I am having trouble understanding the steps needed to eliminate the arbitrary constants from the equation y = Ax + 3. The answer in the book is y = x (dy/dx) + 3. Here are my steps along with my reasoning for each step (please correct my reasoning so I can finally understand how to do this):

y = Ax + 3

dy/dx = A (I am still left with A, so I need to find another way to get rid of A)

y = Ax + 3 (starting over)

(y - 3)/x = A (isolate A)

(y - 3)/x = dy/dx (replace A with dy/dx - is this correct? if so, why?)

y - 3 = (dy/dx)x

y = (dy/dx)x + 3 (isolate y. Now we are left with an equation that does not have A in it )

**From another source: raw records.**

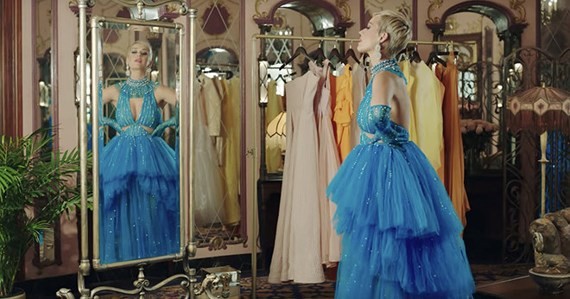Katy Perry wears a new dress by Nguyen Cong Tri in her MVÂ âImmoral Flameâ.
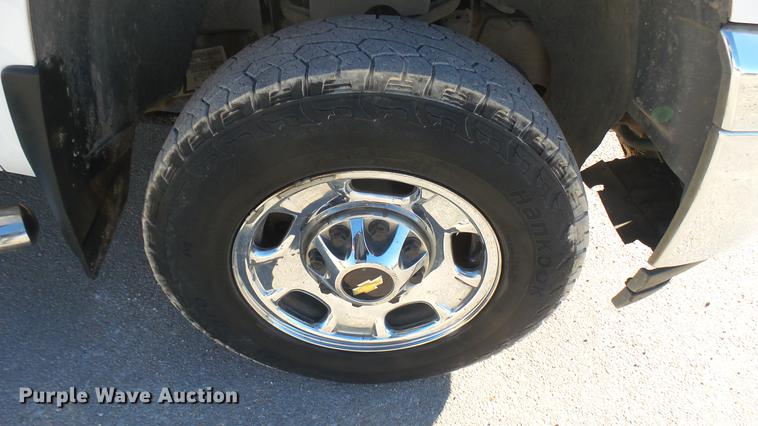 image for item DC1905 2011 Chevrolet Silverado 2500HD LS Crew Cab pickup truck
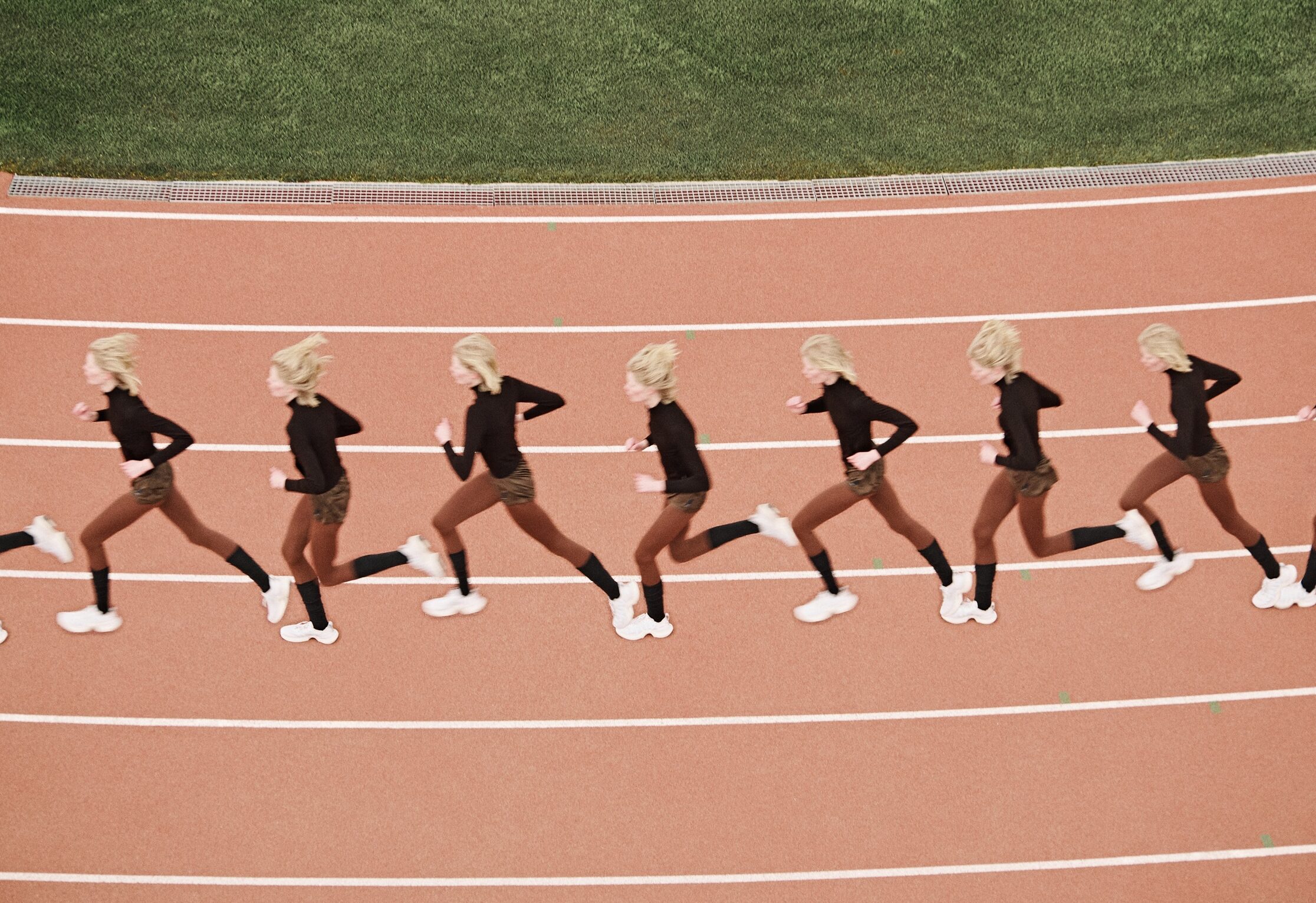 Η ena athletics φέρνει την performance φιλοσοφία της στην INTERSPORT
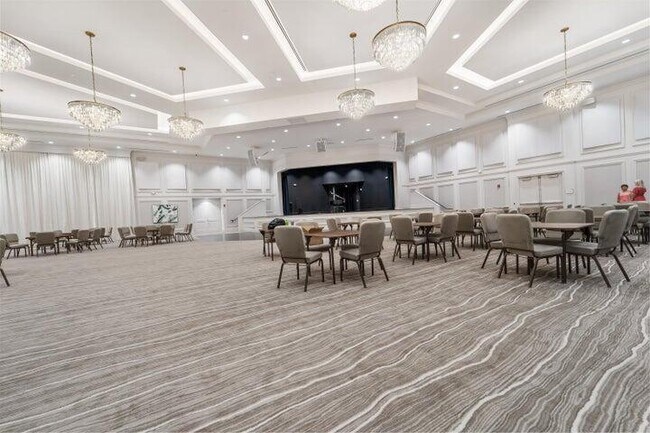 Building Photo - 12832 Veneto Springs Dr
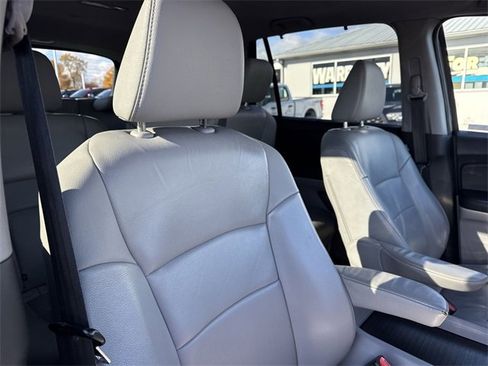Used 2019 Honda Pilot Touring image 26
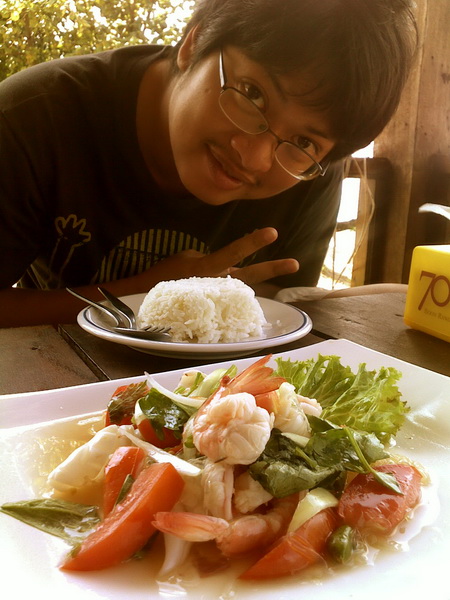 สวัสดีครับน้า Ching CN. 
สวัสดีครับน้า nomsen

Am I missing some detail here?
y = Ax + 3

dy/dx = A

Put this value of A into the original equation:
y = (dy/dx)x + 3

which is the desired solution.

-Dan
• Feb 11th 2011, 10:21 AM
Ackbeet
Quote:

Originally Posted by topsquark
Am I missing some detail here?
y = Ax + 3

dy/dx = A

Put this value of A into the original equation:
y = (dy/dx)x + 3

which is the desired solution.

-Dan

Certainly nothing wrong with this method, and it is the most direct. However, it is not very general. Danny's method will work in pretty much any case that has a single arbitrary constant for which you can solve (which is true for many first-order ODE's).